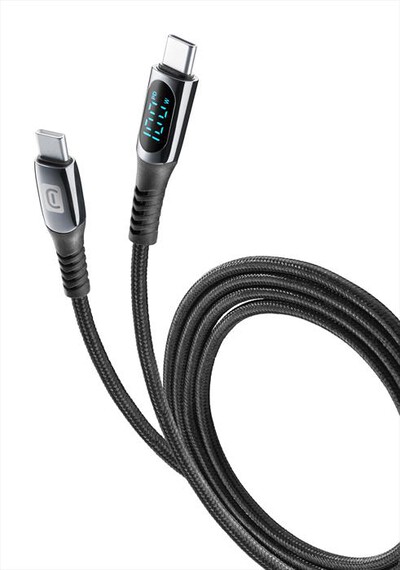 CELLULARLINE - DISPLAY CABLE USBDATADISC2CTAB2K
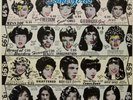 THE ROLLING STONES - SOME GIRLS - 1978 LP VINYL RECORD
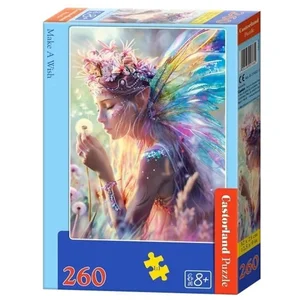 CASTORLAND 260 el. Make A Wish [PUZZLE]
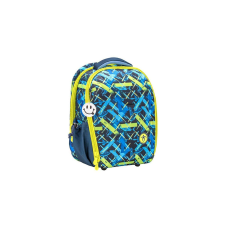 BELMIL Iskolatáska ergonómiai, fiús, Sturdy, 338-82, Belmil, Build it iskolatáska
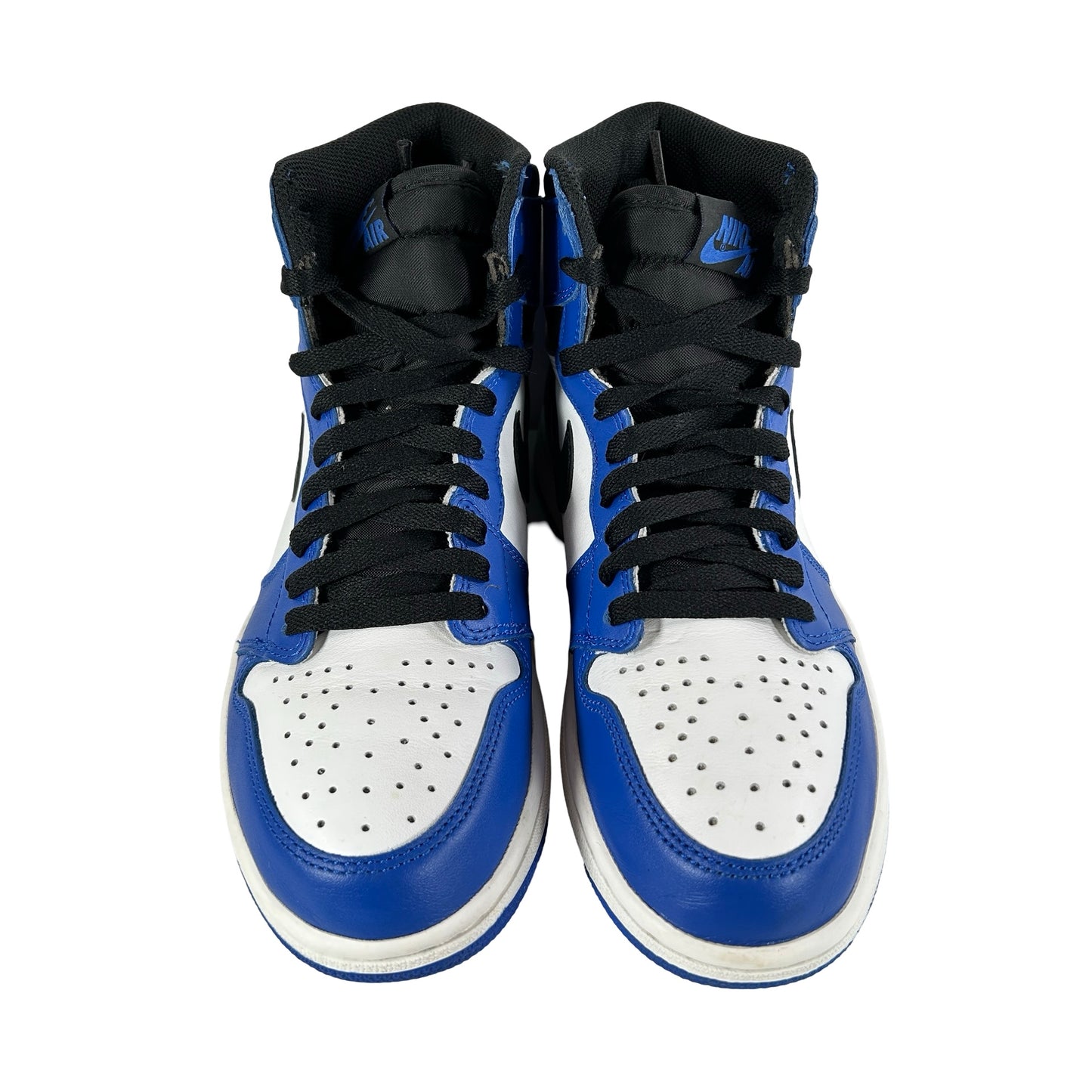 555088 403 Jordan 1 Retro High Game Royal [USED] - 7.5 M (Used) (Replace Box)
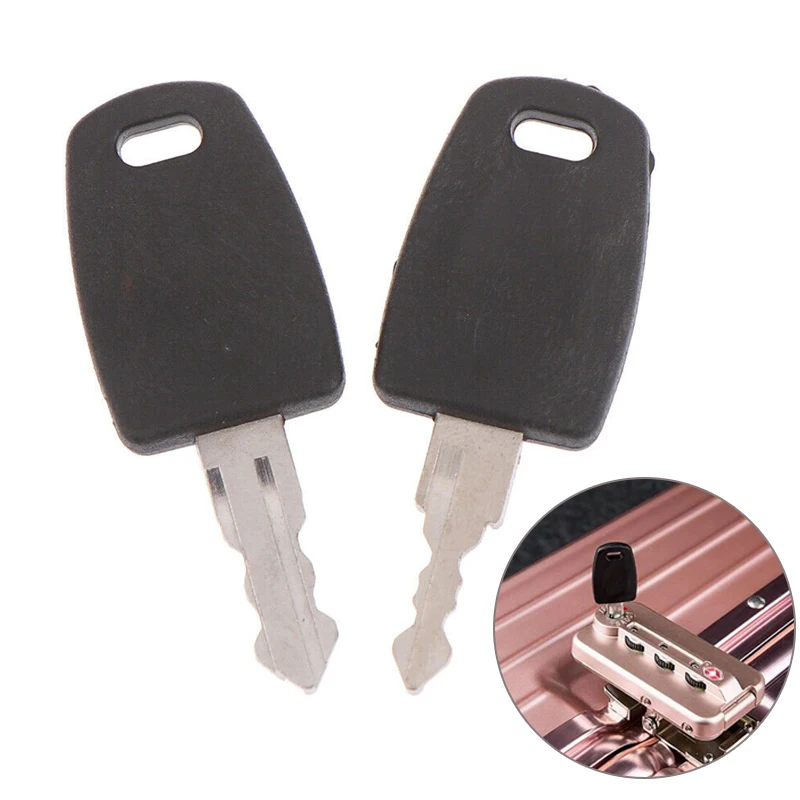 1PC Multifunctional TSA002 007 Key Bag For Luggage Suitcase Customs TSA Lock Key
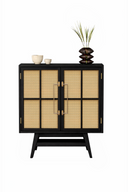 BÜFET BÜFE HAZERANLI 80 X 90 CM CİLALI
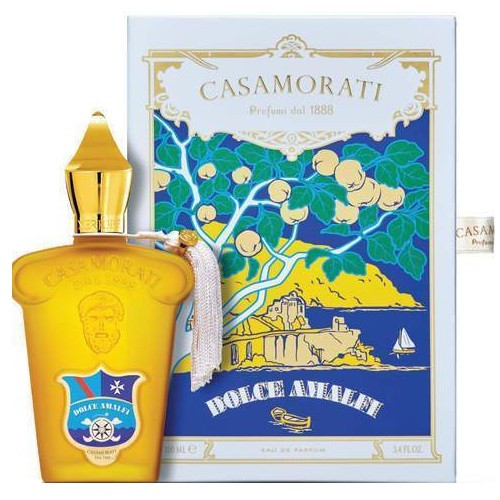 Xerjoff Casamorati Dolce Amalfi Apa de Parfum, Unisex (Concentratie: Apa de Parfum, Gramaj: 30 ml)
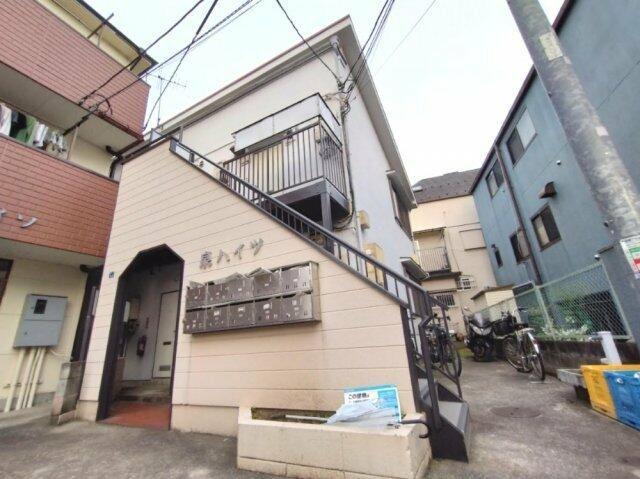 泉ハイツ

▶ Assignment
Because the copy must hold no pictures, return only the lines that run from the line containing "Xerjoff Casamorati Dolce" to the end of the data above, each exactly as it stands.

▶ Response area
 Xerjoff Casamorati Dolce Amalfi Apa de Parfum, Unisex (Concentratie: Apa de Parfum, Gramaj: 30 ml)
 泉ハイツ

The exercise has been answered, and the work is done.